In addition to the ESO facility in Chile, the HARPS team has collaborated with other institutions to create a northern hemisphere equivalent called HARPS-N. In 2012, installation of a HARPS spectrograph was completed on the Italian 3.58-meter Telescopio Nazionale Galileo (TNG) located at the Roque de los Muchachos Observatory on the island of La Palma in Spain’s Canary Islands. Since its activation, this facility has been used for the HADES RV program (HARPS-N Red Dwarf Exoplanet Survey Radial Velocity) as part of a collaboration between the Italian Global Architecture of Planetary Systems (GAPS) consortium, the Institut de Ciències de l’Espai de Catalunya (ICE), and the Instituto de Astrofísica de Canarias (IAC).

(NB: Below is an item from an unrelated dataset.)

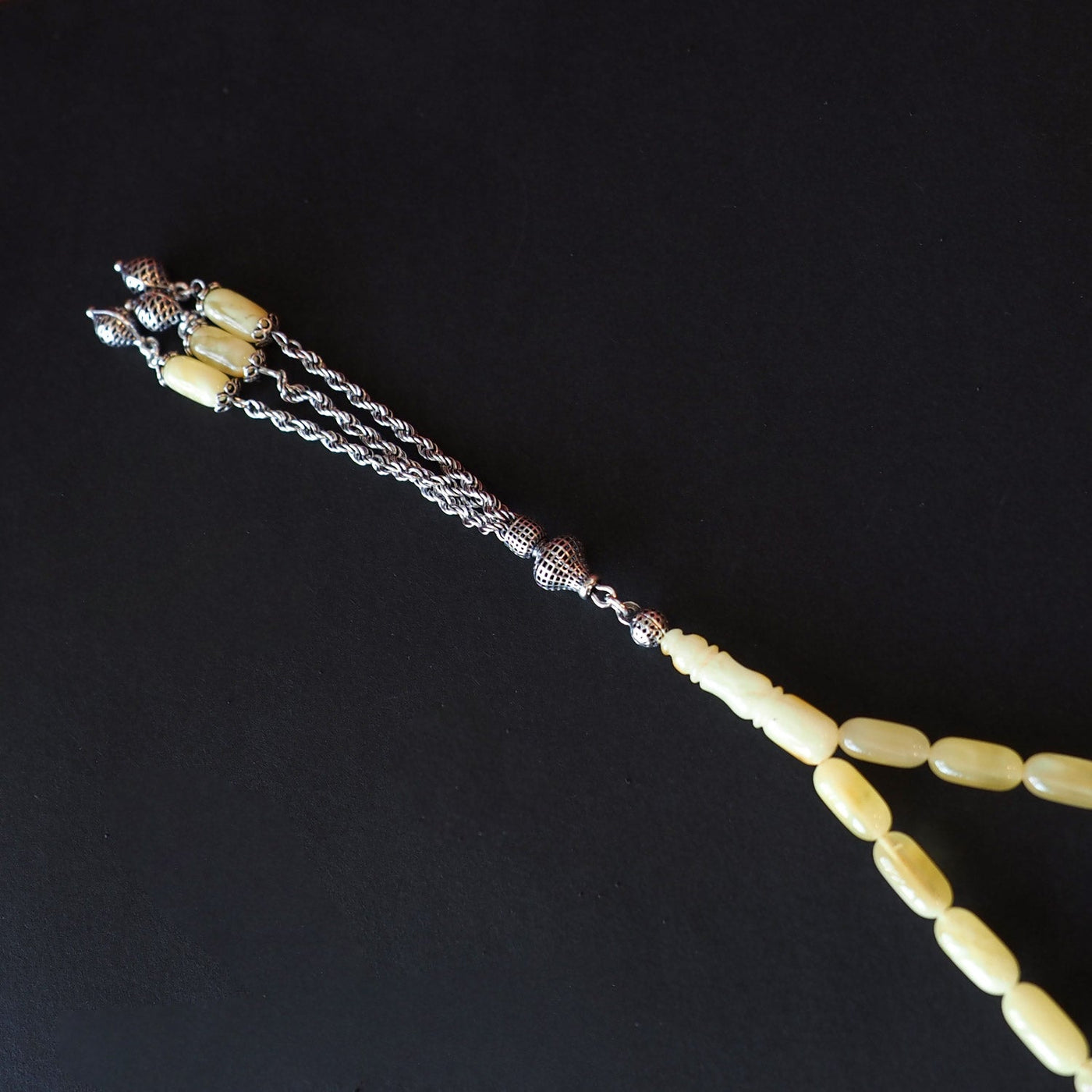 Genuine Baltic Amber Tasbeeh Silver Finely Crafted Tassel – WATD103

The radial velocities of over six dozen late K and early M-type stars are being monitored looking for the presence of variations indicating the presence of orbiting exoplanets.

View of the 3.57-meter Telescopio Nazionale Galileo (TNG) at the Roque de los Muchachos Observatory in the Canary Islands employed by HARPS-N for the HADES RV program. (INAF)

In 2016, HARPS-N scored its first discoveries – a pair of super-Earth size exoplanets orbiting the nearby red dwarf GJ 3998. On May 18, 2017, the HADES RV program announced its next find described by the title of its discovery paper with Alejandro Suárez Mascareño (Observatoire de Genève) as the lead author: “A super-Earth on the inner edge of the habitable zone of the nearby M-dwarf GJ 625”. So, how does this claim for this new nearby exoplanet bear up under closer scrutiny?

 

Background

GJ 625 is a V-magnitude 10.17 star located in the northern constellation of Draco – The Dragon. The star was first charted by the Catania Observatory in Sicily during the early 20th century as part of the Astrographic Catalog: a decades-long international astronomical project organized in 1887 where 20 observatories around the globe measured the brightness and positions of millions of stars down to the 11th or 12th magnitude using photographic telescopes of a standardized design. In recent decades, GJ 625 has frequently gone by the designation of AC +54° 1646-56 found in that catalog.

An engraving from 1894 showing the telescope used at the Catania Observatory in Sicily which first recorded GJ 625 for the Astrographic Catalog.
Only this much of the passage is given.